Each of the coloring material inks (C, M, Y, and K) and the reaction liquid (RCT) used in the present embodiment contains a surfactant. The surfactant is used as a penetrant to improve the permeation of the ink into an ink jet recording medium. A larger addition amount of the surfactant more greatly reduces the surface tension of the ink and improves the wettability and permeation of the ink to a recording medium. In the present embodiment, a small amount of an acetylenic glycol EO adduct or the like is added as a surfactant such that each ink has a surface tension of 30 dyn/cm or less and that the difference in surface tension between the inks is 2 dyn/cm or less. More specifically, all the inks have a surface tension in the range of approximately 22 to 24 dyn/cm. The surface tension is measured with a fully-automatic surface tensiometer CBVP-Z (manufactured by Kyowa Interface Science Co., Ltd.).

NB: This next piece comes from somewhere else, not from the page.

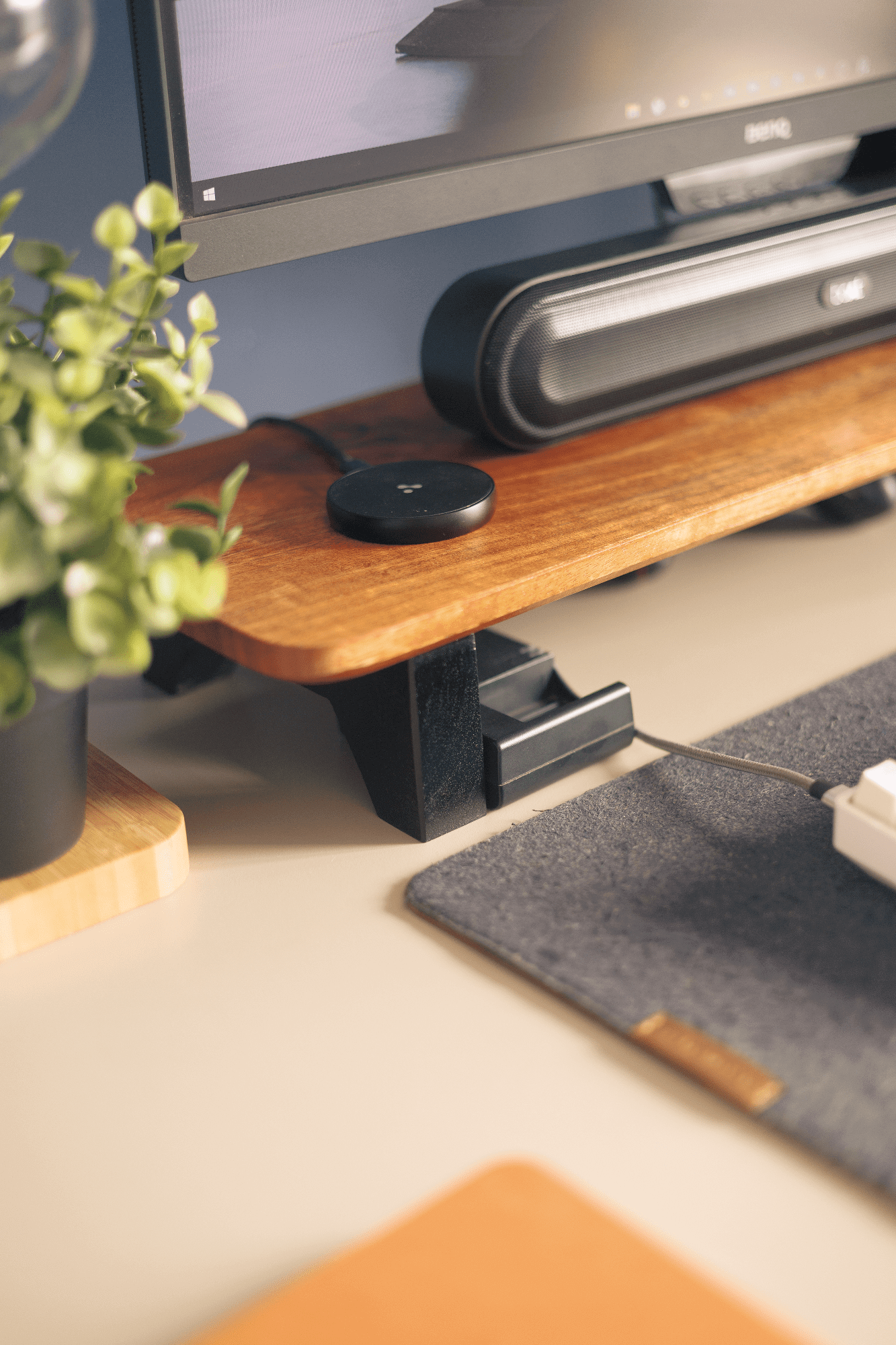 A desk shelf with a boAt Aavante Bar 490 speaker, an Ambrane MagSafe charger, and a BenQ PD2500Q monitor above a DailyObjects desk mat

Any measuring instrument that can measure the surface tension of ink may be used instead.
The pH of each ink according to the present embodiment is stable on the alkaline side and ranges from 8.5 to 9.5. Each ink preferably has a pH in the range of 7.0 to 10.0 to prevent the elution or degradation of a member in contact with the ink in a recording apparatus or a recording head, to prevent a decrease in solubility of a resin dispersed in the ink, or the like. The pH is measured with a pH meter F-52 manufactured by Horiba, Ltd. Any measuring instrument that can measure the pH of ink may be used instead.
A white ink (W) or a metallic ink (Mt) may also be used as a coloring material ink.

Reaction Liquid

As described above, to prevent blurring (bleeding) and other problems, the reaction liquid contains a reactive component for partly or entirely insolubilizing a solid component of a coloring material ink. It aims to insolubilize a dye dissolved in or a pigment and a resin dispersed in a coloring material ink. The reaction liquid is, for example, a solution containing a polyvalent metal ion (for example, magnesium nitrate, magnesium chloride, aluminum sulfate, iron chloride, or the like). For aggregation with such a cation, a system with a low-molecular-weight cationic polymer coagulant may also be used to neutralize the charges of water-soluble resin fine particles and insolubilize an anionic soluble substance.
Another reaction system may be an insolubilization system with a reaction liquid utilizing a difference in pH. As described above, most of the coloring material inks typically used for ink jet recording are stable on the alkaline side due to the properties of the coloring materials and the like. The pH typically ranges from approximately 7 to 10 and often ranges from 8.5 to 9.5 from an industrial perspective and in consideration of the effects of external environment. To aggregate and solidify a coloring material ink of such a system, an acidic solution may be mixed to change the pH and break the stable state, thereby aggregating a dispersed component. For such action, an acidic solution may be used as a reaction liquid.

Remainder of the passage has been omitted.